[Start of section]

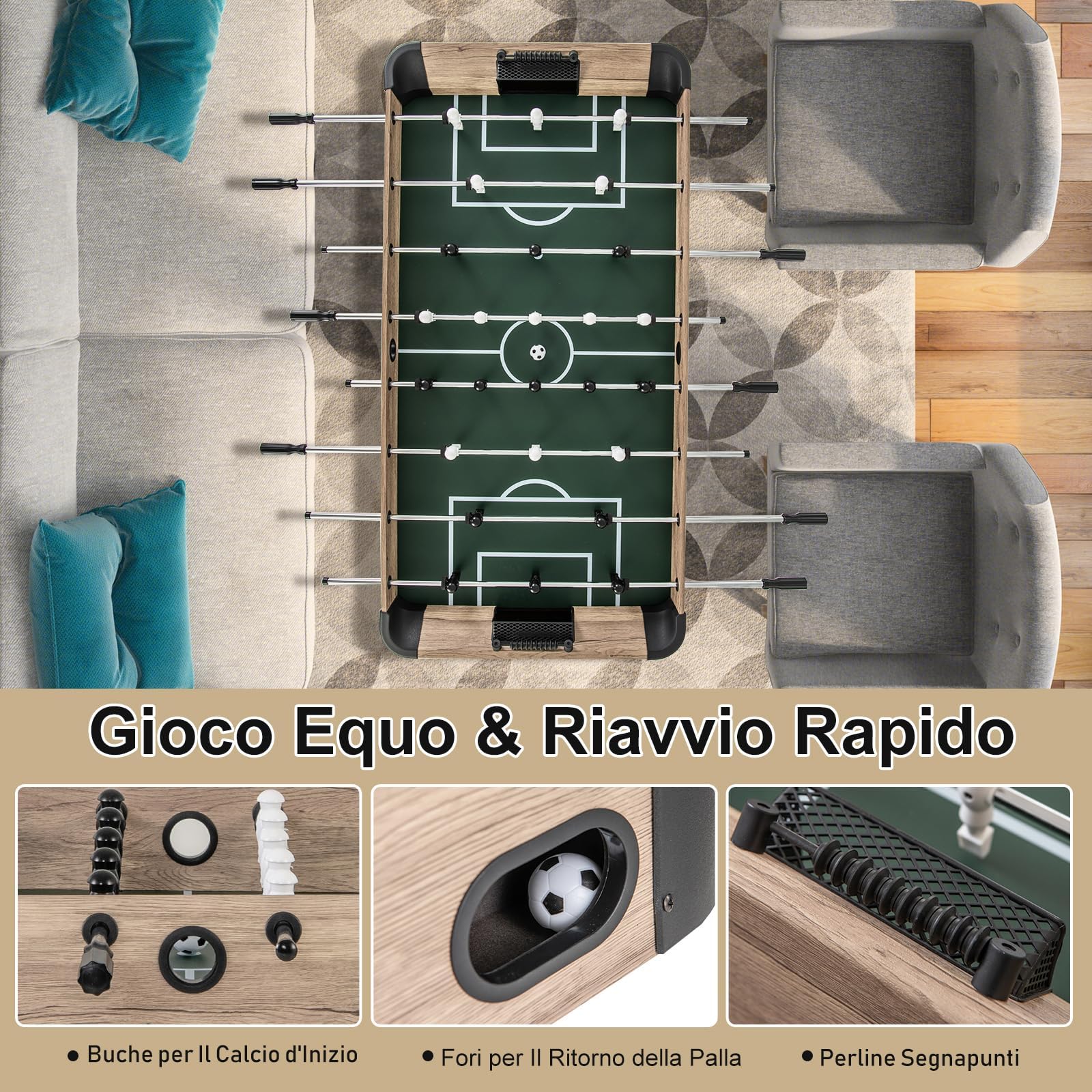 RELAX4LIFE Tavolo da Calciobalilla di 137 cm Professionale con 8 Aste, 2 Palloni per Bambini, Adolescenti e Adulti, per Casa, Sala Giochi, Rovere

[End of section]
[Start of section]

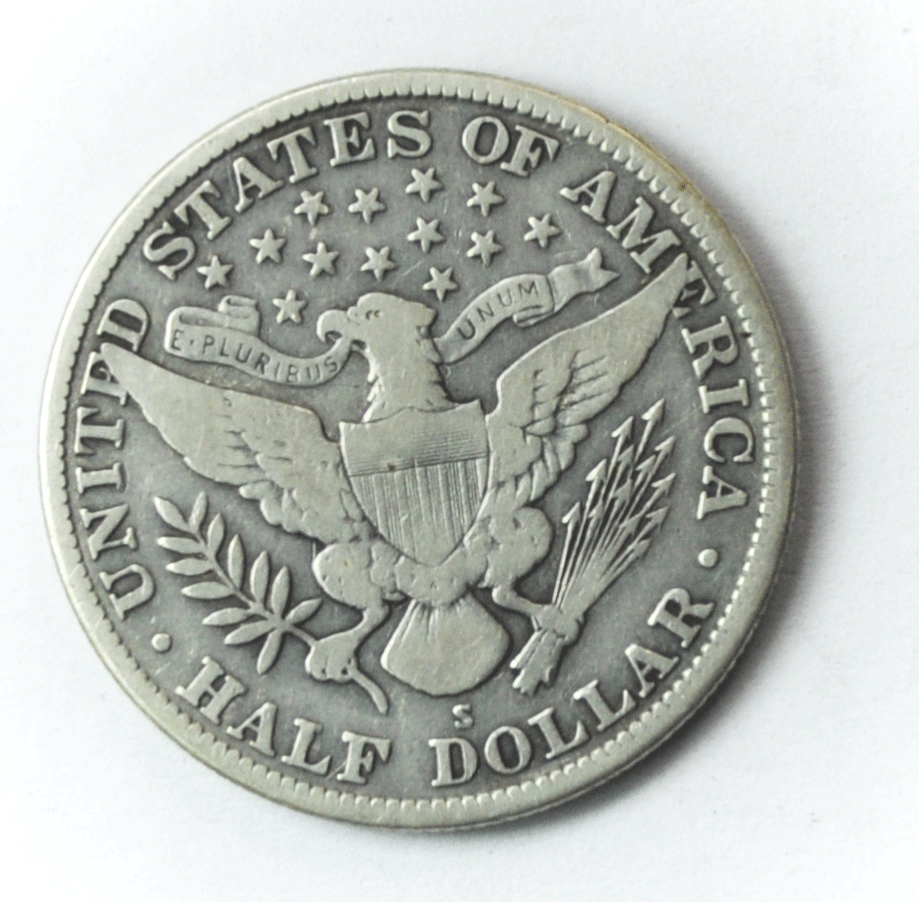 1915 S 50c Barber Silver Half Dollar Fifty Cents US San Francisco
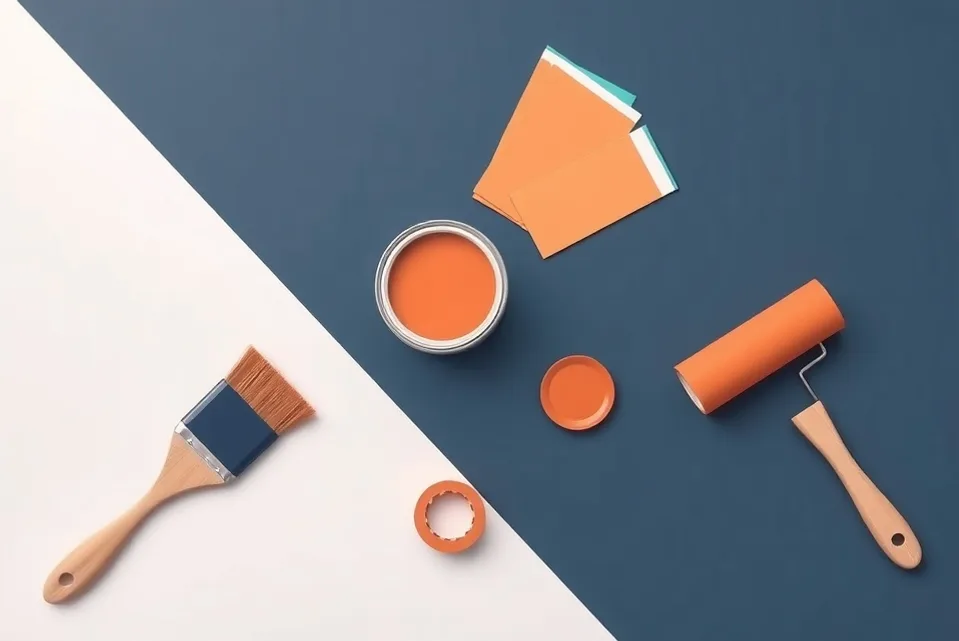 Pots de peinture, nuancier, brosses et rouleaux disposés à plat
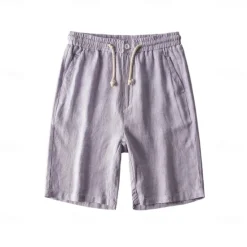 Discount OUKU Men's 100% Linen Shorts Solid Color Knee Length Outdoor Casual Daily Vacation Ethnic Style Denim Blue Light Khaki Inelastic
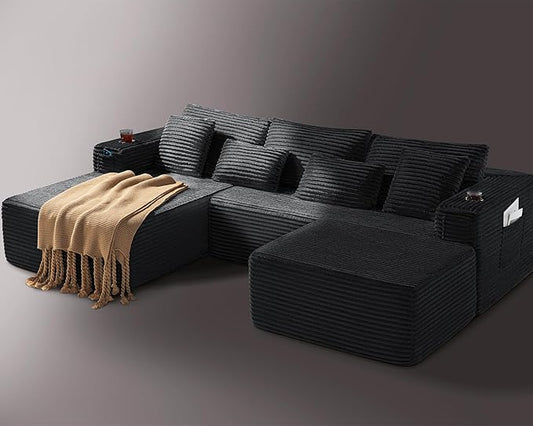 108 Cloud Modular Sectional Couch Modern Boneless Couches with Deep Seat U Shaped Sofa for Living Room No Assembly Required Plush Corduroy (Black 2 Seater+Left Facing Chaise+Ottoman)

[End of section]

= TRY IT =
Go back to the lines above and output, exactly as they stand, the ones from the line containing "1915 S 50c Barber" to the line containing "108 Cloud Modular". Leave all pictures behind.

= SOLUTION TO THIS TASK =
 1915 S 50c Barber Silver Half Dollar Fifty Cents US San Francisco
 Pots de peinture, nuancier, brosses et rouleaux disposés à plat
 Discount OUKU Men's 100% Linen Shorts Solid Color Knee Length Outdoor Casual Daily Vacation Ethnic Style Denim Blue Light Khaki Inelastic
 108 Cloud Modular Sectional Couch Modern Boneless Couches with Deep Seat U Shaped Sofa for Living Room No Assembly Required Plush Corduroy (Black 2 Seater+Left Facing Chaise+Ottoman)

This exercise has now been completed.